Svezia – Stati Uniti 6-5 OT (0-1, 2-2, 3-2, 1-0)

di Alessandro R.

A Berna va in scena la sfida clou del girone C, che vede opposti i brillanti Stati Uniti di Ron Wilson, a punteggio pieno finora, e la Svezia di Bengt-Ake Gustafsson, reduce dalla sconfitta inaspettata contro la Lettonia. Scandinavi costretti a vincere per evitare grossi guai nella seconda fase, ma con una difesa cortissima; americani più tranquilli, ma fermamente intenzionati a confermare il primo posto nel girone.

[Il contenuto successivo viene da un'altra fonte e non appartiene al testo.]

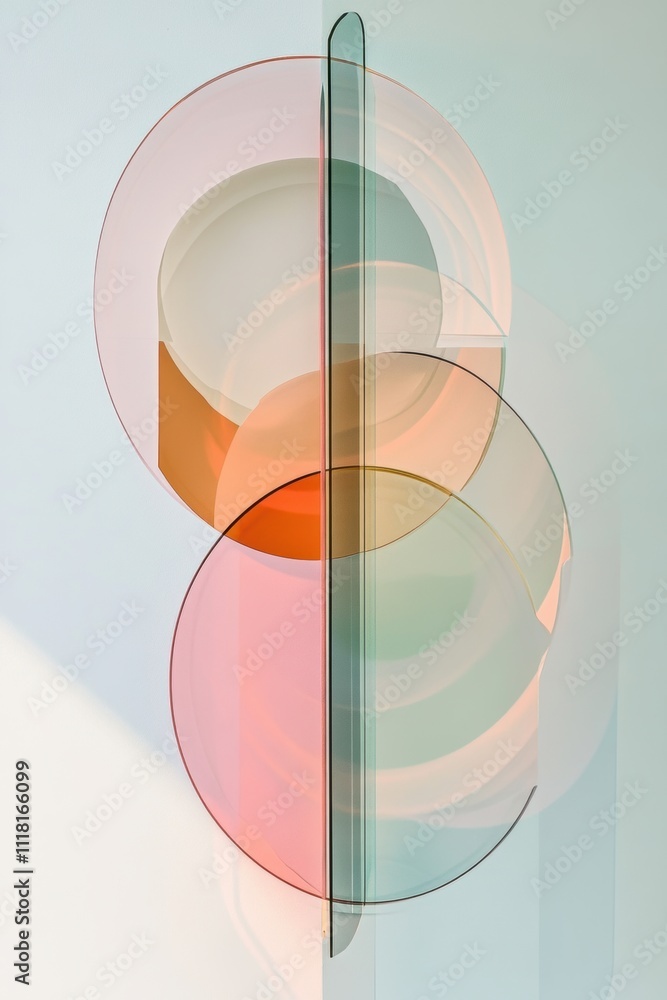 Poster abstract shapes, circles, and lines in pastel colors, creating an elegant composition with a touch o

Un solo gol nel periodo iniziale ed a segnare sono gli Stati Uniti con O’Sullivan al 14.11: l’incontro è comunque equilibrato e da segnalare c’è anche un palo colpito da Martensson. Nel secondo periodo scende sul ghiaccio una Svezia molto più determinata e aggressiva e gli statunitensi sono costretti sulla difensiva: arrivano così, nel volgere di un minuto e mezzo circa, prima il pari (firmato da Weinhandl, 25.07) e poi il sorpasso ad opera di Marcus Nilson (26.45). Quando gli svedesi sembrano poter imprimere il loro marchio all’incontro ecco il black-out, con gli Stati Uniti che guadagnano metri e pareggiano con Liles in situazione di doppia superiorità numerica. Altra doppia superiorità ed altro gol americano in chiusura di secondo periodo: Jack Johnson finta il tiro e serve Shannon che, di fronte a Gustaffson, insacca alle spalle del non impeccabile portiere svedese.

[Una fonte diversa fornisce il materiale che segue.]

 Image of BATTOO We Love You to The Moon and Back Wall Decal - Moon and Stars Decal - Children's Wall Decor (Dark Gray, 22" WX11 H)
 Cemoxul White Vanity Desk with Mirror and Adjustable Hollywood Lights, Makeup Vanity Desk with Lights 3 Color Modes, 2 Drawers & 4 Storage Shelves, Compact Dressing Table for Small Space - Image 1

La Svezia si dimentica di scendere sul ghiaccio nei primi minuti del terzo periodo e così prima è Gustaffson a riscattarsi salvando i suoi con due interventi prodigiosi, poi gli americani prendono il largo con sicurezza e bel gioco. Al 44.06 Stafford esce da dietro la gabbia e serve un disco pregevolissimo a Shannon, che lo infila all’incrocio per la sua personale doppietta. Minuto 48.20 ed altra azione da manuale statunitense: Backes serve Oshie che, a sua volta, anziché cercare l’attaccante davanti allo slot vede l’inserimento da dietro di Johnson che segna con un preciso disco rasoghiaccio. Svezia tramortita? Neanche per sogno perchè proprio adesso comincia la riscossa.

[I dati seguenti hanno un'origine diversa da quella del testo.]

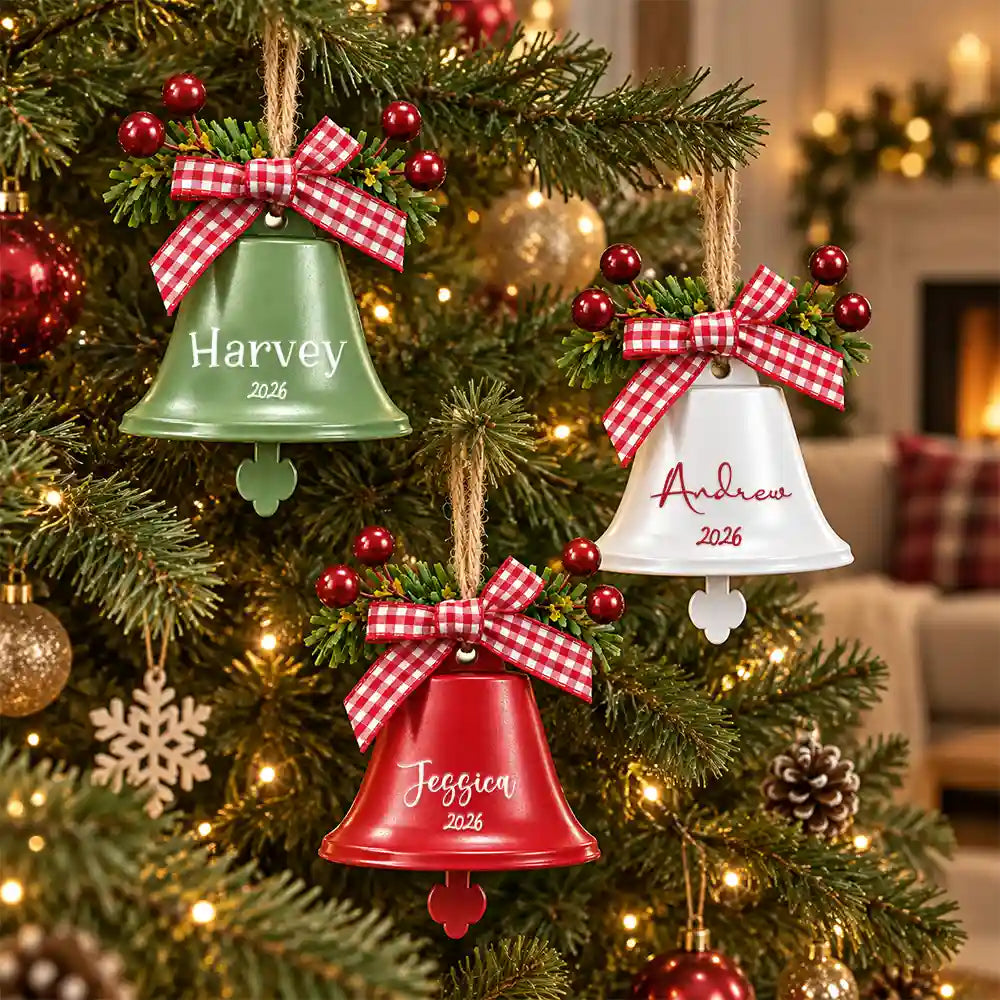 Family Christmas Gift - Personalized Custom Name Tree Hanging Decoration Bell Ornament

Meno di 40 secondi e Weinhandl, con l’aiuto di una deviazione, serve pregevolmente Magnus Johanson che segna davanti ad Esche. Le speranze di rimonta scandinave incappano nella penalità a Akerman al 51.13, ma i ragazzi di Gustaffson provano a premere anche con l’uomo in meno e trovano la rete del 4-5 con Persson al 52.45. Rimonta completata al 56.19 quando Weihnandl scende sul lato destro e tira verso la gabbia: Esche forse si aspettava un passaggio centrale e così il disco passa tra palo e portiere per la rabbia di coach Wilson, visibilmente infastidito dalla rimonta subita. Si va all’overtime dove è Huselius a decidere la serata con un gol in mischia al 61.59.
Svezia ancora in vita, ma da domani contro la Russia non sarà possibile giocare a corrente alternata; per gli Stati Uniti prova di maturità fallita, ma il potenziale di questa giovane squadra rimane comunque notevole.